Simon Hart MP (C): Recently complained to Environment minister over impact on recreational anglers

ONE of the latest political footballs in the run-up to the Assembly elections and the EU referendum later this year is one that will resonate with a number of people living and working near the coast of south west Wales.

In January, a six month ban on catching bass was introduced, while a shorter ban for commercial fishermen runs concurrently. After this, a quota system will be put in place, limiting the number of fish which both commercial and recreational fishermen can take, for the remainder of the year.

UKIP in particular has taken this issue to heart. As The Herald reported last week, Llanelli candidate Ken Rees claimed that local commercial fishermen would be unable to survive if the rules were passed, and that it would lead to a situation ‘whereby a local fisherman innocently lands some bass on a local beach, only to be pounced on by the Marine Management Organisation, taken through the courts, and fined’.

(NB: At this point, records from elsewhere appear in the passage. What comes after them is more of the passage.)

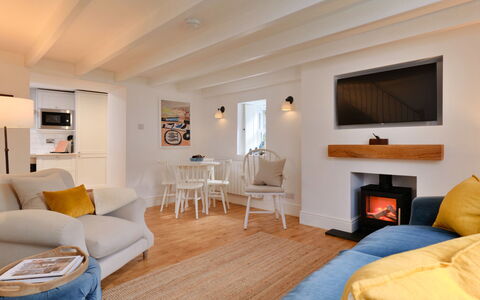 Millstone Cottage: Meubilair, Interieur Ontwerp, Flooring, Verdieping, Muur, Bankstel, Kamer, Hout, Plafond, Woonkamer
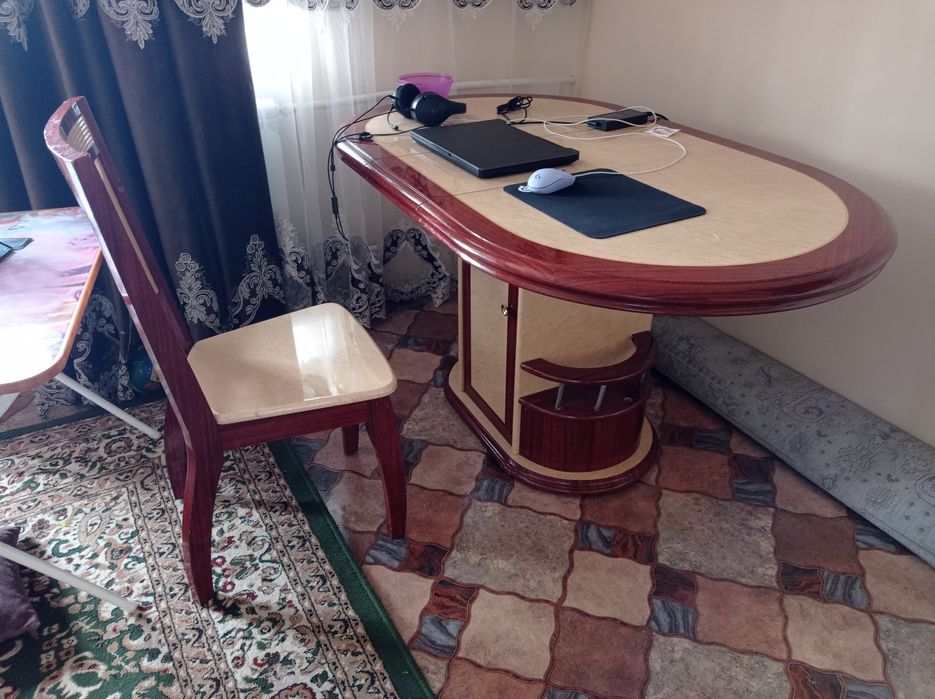 Стол кухонный за 45тыс.тенге торг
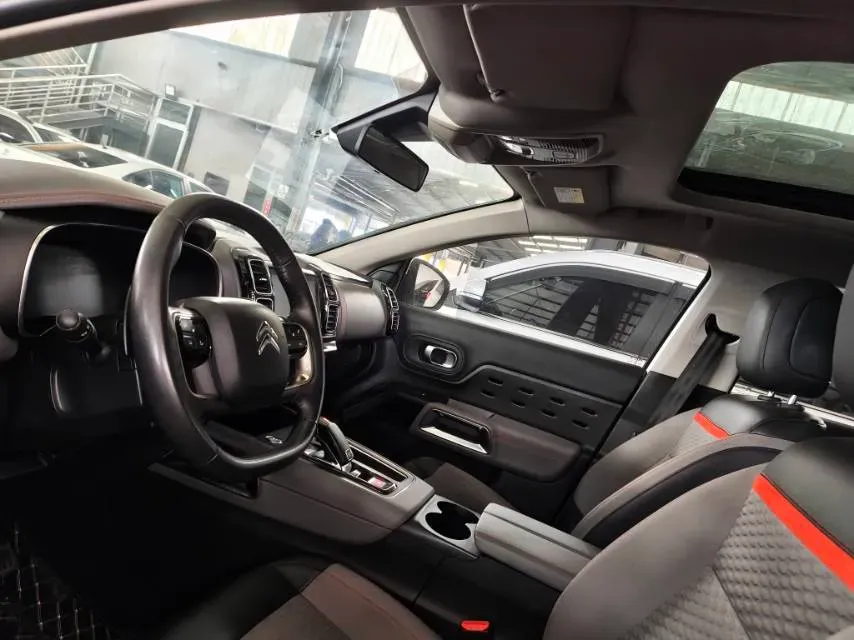 2019 Citroen C5 Aircross 1.6T 167HP L4 6AT,autocango,china used car exporter,china ev exporter,chinese used car exporter,chinese used ev exporter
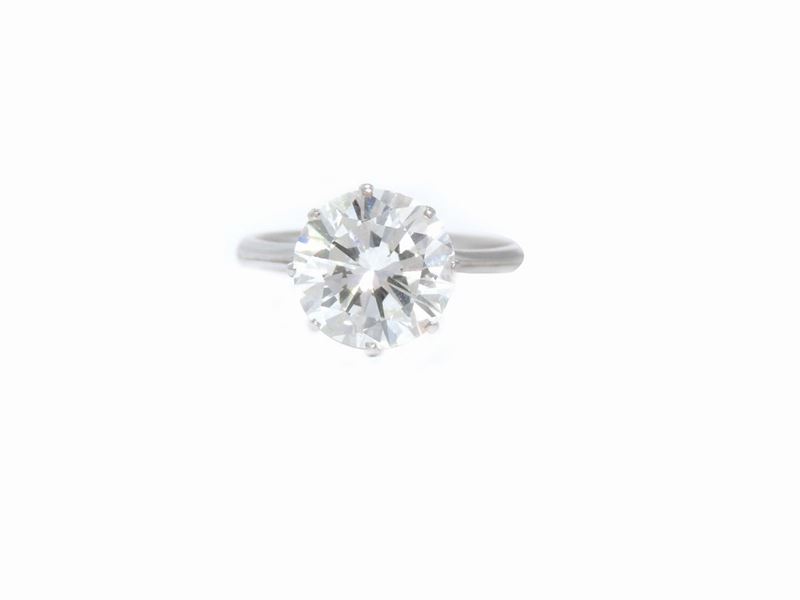 Anello Solitario in Oro Bianco con Diamante
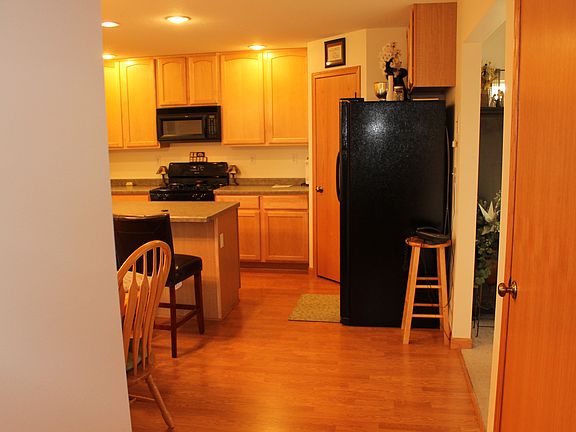 Kitchen w/eat-in Dining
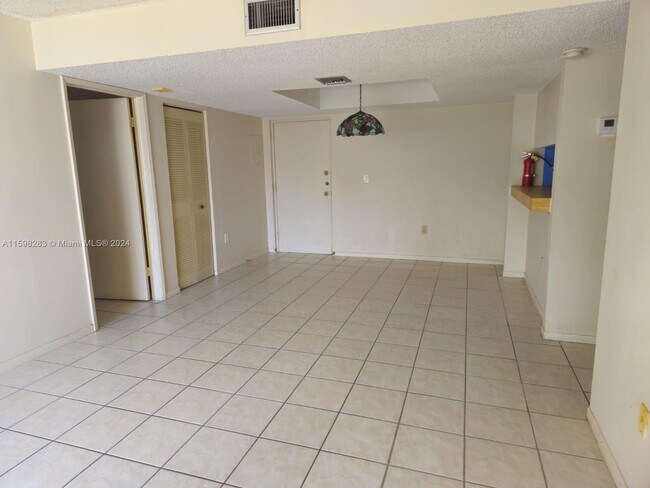 Foto del edificio - 8004 SW 149th Ave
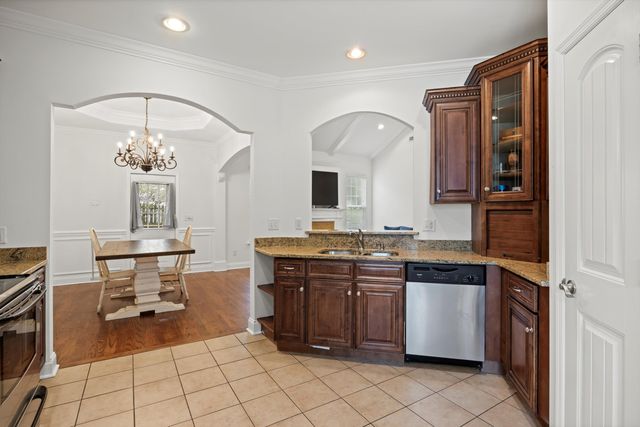 8614 Maple Valley Drive, Chattanooga, TN 37421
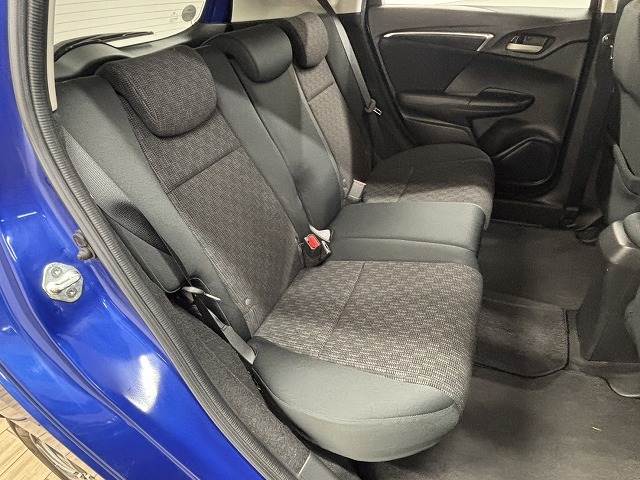 フィット 2WD13G Lパッケージ 内装他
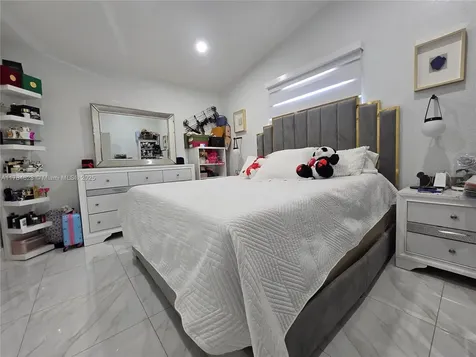 7418 W 32nd Court Hialeah FL 33018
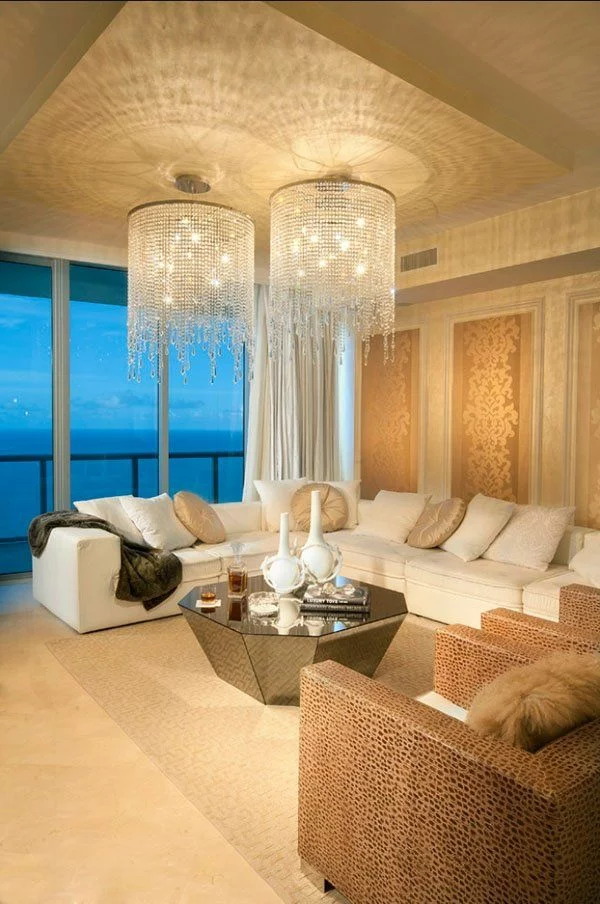 helles wohnzimmer einrichten 2 kronleuchter aus glas sofa 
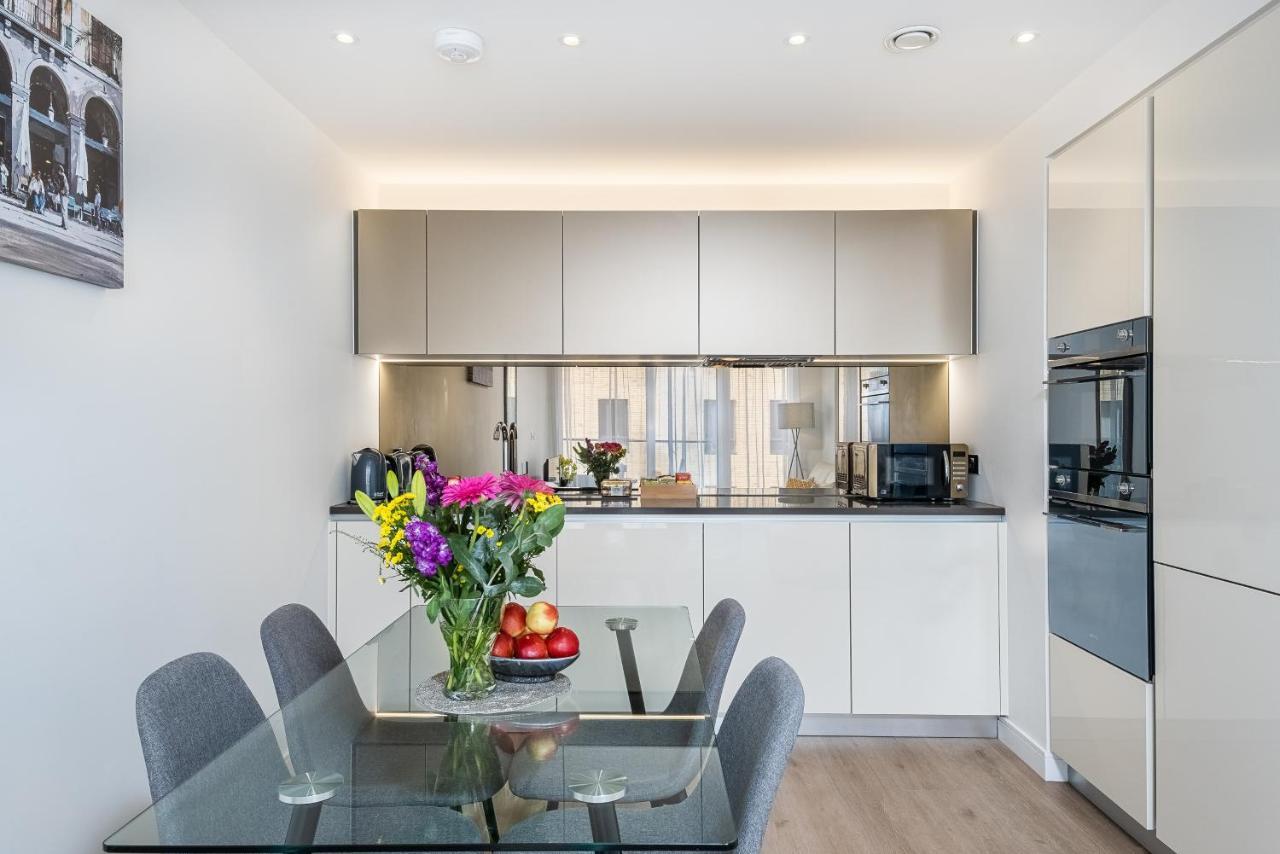 Silver Apartment Kew Bridge London Bagian luar foto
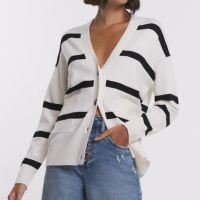 Cardigan em Tricô com Abotoamento Frontal e Estampa Listras Branco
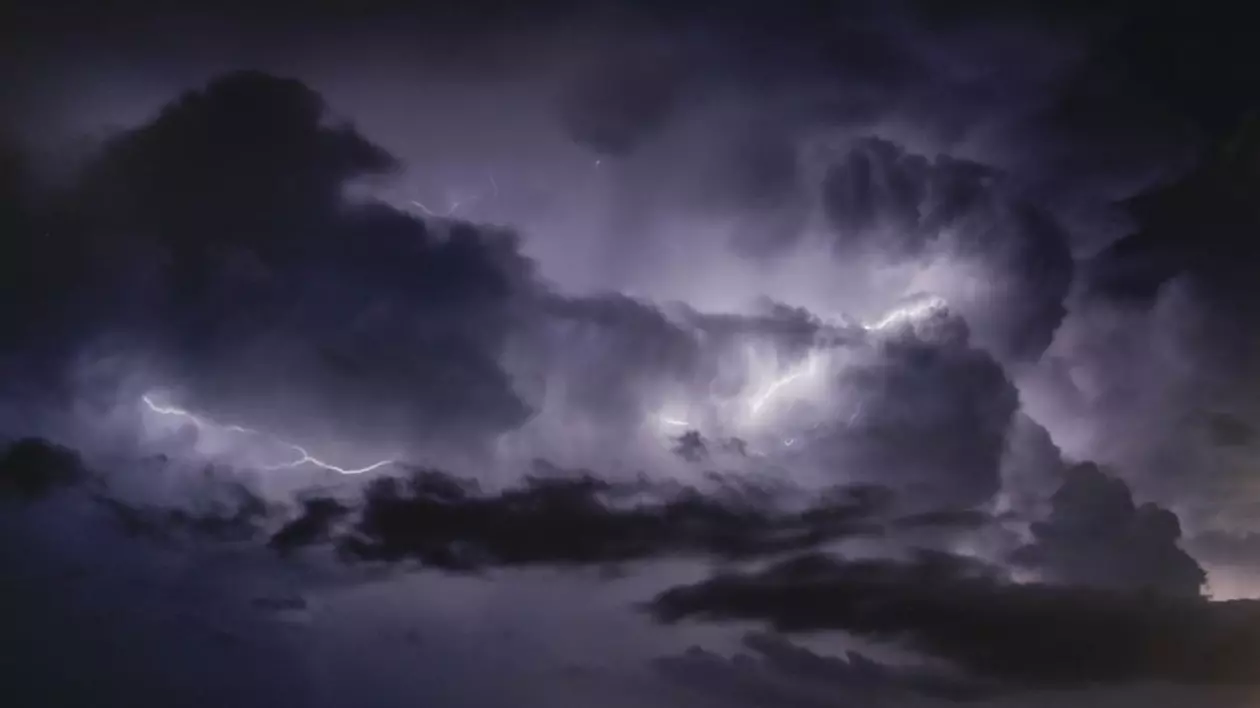 Cum va fi vremea în București, în perioada 7-9 mai 2025. ANM a actualizat prognoza meteo, după codul de vijelii și lapoviță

Local MP and keen bass fisherman Simon Hart has also voiced his opposition to the legislation as it applies to shore fishermen. Mr Rees also suggested that many people would be unaware that the ban had begun.

WHAT WILL THE RESTRICTIONS BE?

As of January 1, recreational sea anglers (RSAs) will be forced to follow ‘catch and release’ practice, meaning that recreational fishing for bass is not prohibited, although taking fish for the table is. This will continue until the end of June.

From July 1 until December 31, RSAs will be able to retain one bass per day – a reduction from last year, when it was permitted to retain three. It is thought that similar measures will be put in place again next year.

In the commercial rod-and-line and netting fishery, fishing will be completely prohibited in February and March. During January and April-June, each boat will have a monthly catch limit of 1.3 tonnes. For the entire six-month period, vessels fishing with trawls and seine nets will not be permitted to target bass, and a maximum of 1% ‘accidental catch’ out of the total catch can be made up of bass.

From July –December, boats will be set a catch limit of 1,000 kilos per month.

An increase in minimum size, from 36cm to 42cm which was introduced in September last year has also been retained.

WHY HAVE THESE RESTRICTIONS BEEN INTRODUCED?

The International Council for Exploration of the Seas (ICES) has been expressing concerns about bass stocks in European waters for some time. In 2004, their advice was that the bass fishery should not be allowed to increase. At this point, the UK, which is one of the major commercial bass fisheries along with France, landed 617 tonnes. In 2014, a total of 1003 tonnes were landed by British commercial fishermen – an increase of nearly 40%.

At the same time, the spawning stock of bass – which generally reach maturity at around 6-7 years of age – has plummeted from 15,000 tonnes down to around half of that in July 2015. This is below the level at which the sustainability of the fishery is considered to be in danger.

ICES suggested that the maximum sustainable yield of the bass fishery for 2016 would be no more than 541 tonnes slightly less than a fifth of what was landed in 2014.

Interestingly, their report suggested that they had ‘no basis for advising on the allocation of landings between commercial and recreational fisheries ‘. It is thought that quantifying the number of fish caught yearly by recreational anglers is problematic, and that accurate data for this would be almost impossible to obtain.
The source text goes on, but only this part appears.